Is all of the above simply not enough for you? Yeesh, alright! Try this one on for size: Hometown Horror – which debuts October 11 at 10 P.M. ET/PT – takes a closer look at those seemingly idyllic small towns that dot our country to see what really lurks beneath the white picket fences and the copiously mown lawns. The Pigman of Angola, New York is examined as is the specter filled air of Perryville, Kentucky.
If you prefer your paranormal with a little more X-Files and In Search Of and less The Haunting of Hill House and Topper, then The Alaskan Triangle (Premieres October 21 at 10 P.M. ET/PT) might just be for you. This new series examines a swath of Alaska that for years has reported UFO sightings, mysterious disappearances and strange creatures.

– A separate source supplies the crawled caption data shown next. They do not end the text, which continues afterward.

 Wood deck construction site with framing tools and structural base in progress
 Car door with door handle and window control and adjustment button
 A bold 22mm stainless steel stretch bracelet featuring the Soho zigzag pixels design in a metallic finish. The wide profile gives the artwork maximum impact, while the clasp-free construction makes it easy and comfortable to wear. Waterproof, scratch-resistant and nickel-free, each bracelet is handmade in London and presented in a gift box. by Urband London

Continuing this “orgy of the damned” (special thank you to Tom Holland for that line) is the spic and span, all new show My Horror Story – Premiering October 21 at 11 P.M. ET/PT – where seemingly ordinary folks relate their own encounters with the occult.
Destination Fear (October 26, 10 P.M. ET/PT) is a quasi-Ghost Adventures spin-off that stars Zak Bagan’s former team member Dakota Laden. Here, Laden is on the road trip from hell as he and his sister and their best friend RV it from location to location in search of things that go bump in the night.
Not to be outdone by their good friends over on Ghost Adventures, Haunted Salem: Live is exactly that: A four hour live broadcast on October 4 at 8 P.M. ET/5 P.M. PT that is sort of a paranormal riff off of Scooby’s All-Star Laff-A-Lympics. Featured are such paranormal luminaries as Katrina Weidman (formerly of the much lamented Paranormal Lockdown), Jack Osbourne, Amy Bruni, Adam Berry, Chip Coffey, Dalen Spratt, Juwan Mass, Marcus Harvey, Dave Schrader and Cindy Kaza as they snoop around three of Salem’s most reputedly haunted locations. For four hours. Might want to make a pot of coffee for this one…
In a similar vein in the not-live Witches of Salem (October 6 at 10 P.M. ET/PT) which acts as one part traditional drama and one part documentary; hey, mash those two words together kids and what do you got? That’s right, a docudrama. This series will attempt to recreate the eight month descent into hell that Salem, Massachusetts underwent in the 1700s.
Alright, I told everyone at the beginning of this treatise that Ghostober lasts the entirety of October, so hang in there, I’ve got more shows to pontificate on, starting with the season two premiere of These Woods Are Haunted (October 14, 9 P.M. ET/PT). The perfect show to watch right before that big camping trip with the guys, this creepy show continues its exploration of the supernatural by collecting individuals who share with the camera their own haunting stories. Bring some cheese while watching this one, as the dramatic recreations with actors is award winning goofiness at its best.
Paranormal Survivor (Mondays at 9 P.M. ET/PT in October) returns with new episodes that demand Pat Benatar’s Invincible as its theme song.
Mountain Monsters returns as of October 30 at 9 P.M. ET/PT and if The Beverly Hillbillies and Petticoat Junction are your speed then this is your show. The show follows a determined group of researchers investigating mythical creatures in the Appalachian Mountains. More camo than you can shake a stick at.
Capping Ghostober off is one of the best paranormal investigative shows on the air – The Dead Files. This long running show about a retired New York City detective and a usually on the money psychic teamed up to solve ghostly mysteries returns on October 30 at 9 P.M. ET/PT.
And there you have it fellow Halloween lovers, a packed television schedule meant to indulge your paranormal sweet tooth. Enjoy it all…Trick or Treat!